Published by Mike on

Ferrari375MM
Photo by Jeff Koch.

Everything’s coming up Maranello thoroughbreds at Monterey this year. First, a Ferrari takes the world auction record Thursday night, setting the vanguard for at least a couple other eight-figure Ferrari sales around the peninsula. Then on Sunday afternoon, to cap the weekend, a 1954 Ferrari 375 MM Scaglietti coupe takes Best in Show at the Pebble Beach Concours d’Elegance, making it the first Ferrari to win the car world’s top honor.

The 375 MM, chassis number 0402 AM, started out as a Pinin Farina-bodied spider when its first owner, Italian film director Roberto Rossellini bought it, but when Rossellini ran the one-of-five car into a tree about a year after buying it, Sergio Scaglietti got the nod to rebody it as a coupe. Though Scaglietti had worked with Ferrari on racing cars in the years prior, this would be his first shot at a road car for Ferrari. Scaglietti decided to form the aluminum panels over a metal lattice work, taking a year to finish the one-off body.

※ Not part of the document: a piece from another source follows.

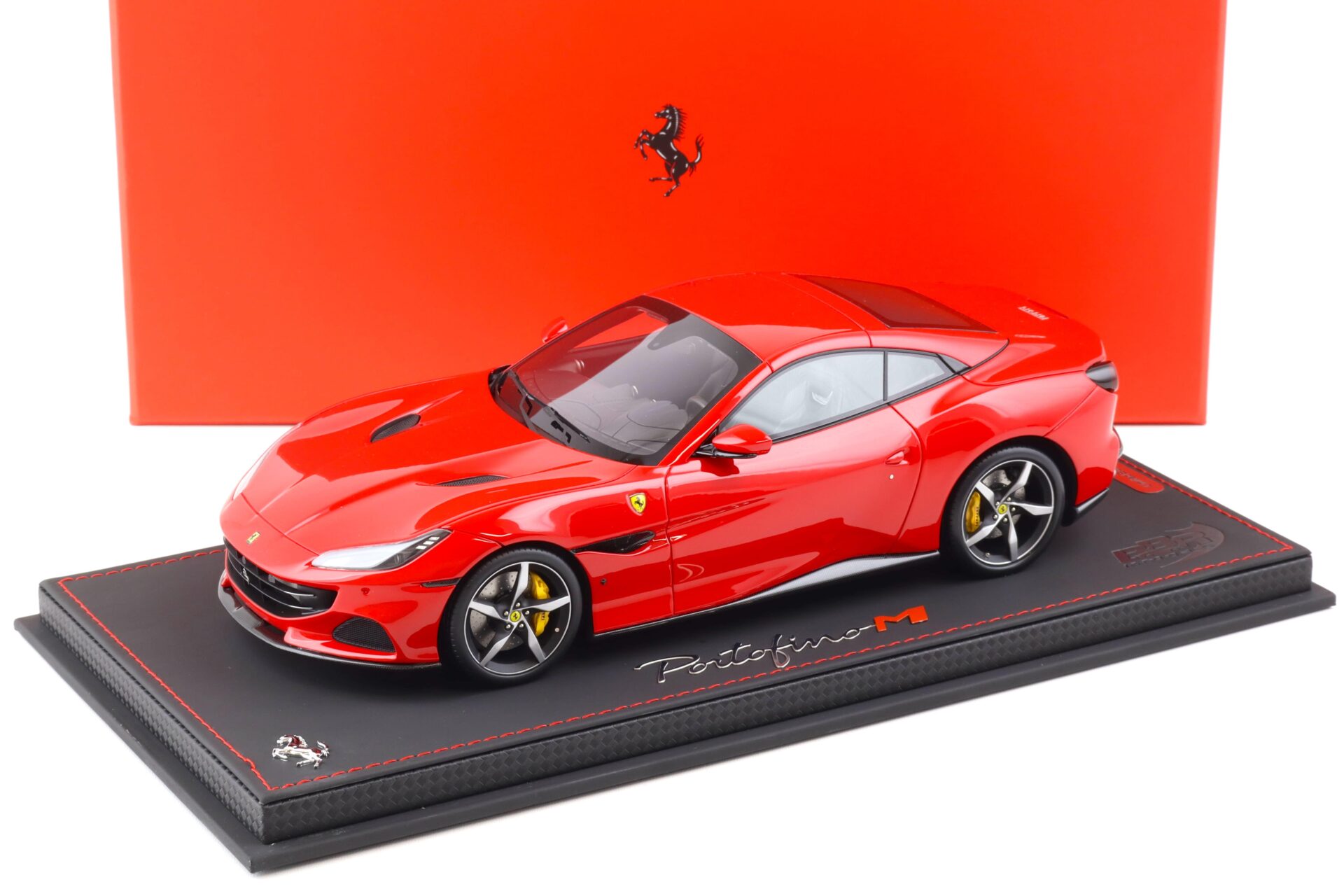ID 86468 orig.jpg 1:18 BBR Ferrari Portofino M Spider closed roof 2020 Rosso Corsa with Showcase - Limited 10 pcs.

Rossellini then kept the coupe, now painted grey but still powered by its 330hp 4522cc V-12, until the mid-1960s. It then passed through at least a couple of owners in Italy and France over the next few decades, eventually falling into disrepair and suffering from a half-hearted attempt to restore it, until current owner Jon Shirley of Medina, Washington, bought it in the mid-1990s and commissioned a full restoration. He then debuted the freshly restored car at the Ferrari Club of America’s meet in 1998 before presenting it at that year’s Pebble Beach concours, taking first in class and reportedly coming within a hair’s breadth of Best of Show that year. In the intervening years, he did come back to Pebble and take the top prize – in 2008 with a Touring-bodied 1938 Alfa Romeo 8C 2900B Berlinetta – but this year returned to complete what he started with 0402 AM more than 15 years ago.

Not only does Shirley’s win represent the first for a Ferrari in the history of the Pebble Beach Concours d’Elegance, it also represents the first win for a postwar car since 1968 – when a 1964 Maserati Mistral coupe won Best in Show – and only the second win for a postwar car since 1955.

Kurt Ernst contributed to this story.